You see; your elders say that the sky is blue because that's what colour you see when you look at the sky most days... like today. And you gotta believe 'em cuz they're right. It boils down to what your typical eye sees when gazing at your typical sky.

That was good enough for me as a child, but not for the scientists who had to get in on the act. Enter Geeorge Wald:

George Wald says the sky is blue because of all the cones in your eyes. He was the one who led to the research and discovery that your eye contains three types of cone receptors: red green and blue. Of these the blue are the dencest and most sensitive. You can trust him because over the years, Wald won numerous awards in addition to the Nobel Prize (1967), including the Eli Lilly Award in 1939, the Lasker Prize in 1953, and the Rumford Prize of the American Academy of Arts and Sciences in 1959.

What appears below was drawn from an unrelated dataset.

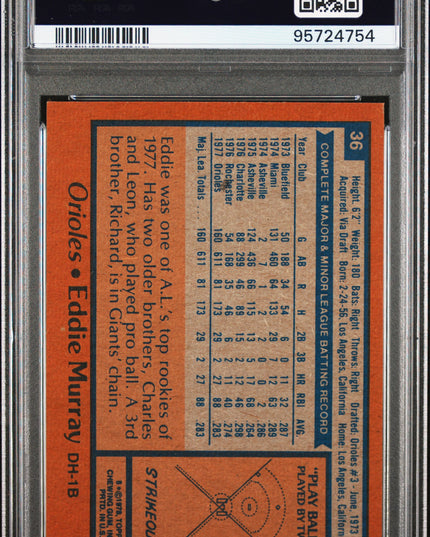 Eddie Murray #36 1978 Topps Baltimore Orioles PSA 4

His advancements led to many other scientists analyzing other aspects of this question. Scientists such as Tyndall and Rayleigh... Tyndall's discovery - What became known as the Tyndall Effect, had a lot to do with milk... This was the embodiment of what Rayleigh's studies speculated.
Rayleigh scattering; named after Lord John Rayleigh, an English physicist, who first described it in the 1870's, is the process of light being absorbed by and reflected by gasses.
  blue light is scattered more than red light by a factor of (700/400)4 ~= 10
  -Gas molecules are smaller than the wavelength of visible light. If light bumps into them, it acts differently. When light hits a gas molecule, some of it may get absorbed. After awhile, the molecule radiates (releases, or gives off) the light in a different direction. The color that is radiated is the same color that was absorbed. The different colors of light are affected differently. All of the colors can be absorbed. But the higher frequencies (blues) are absorbed more often than the lower frequencies (reds).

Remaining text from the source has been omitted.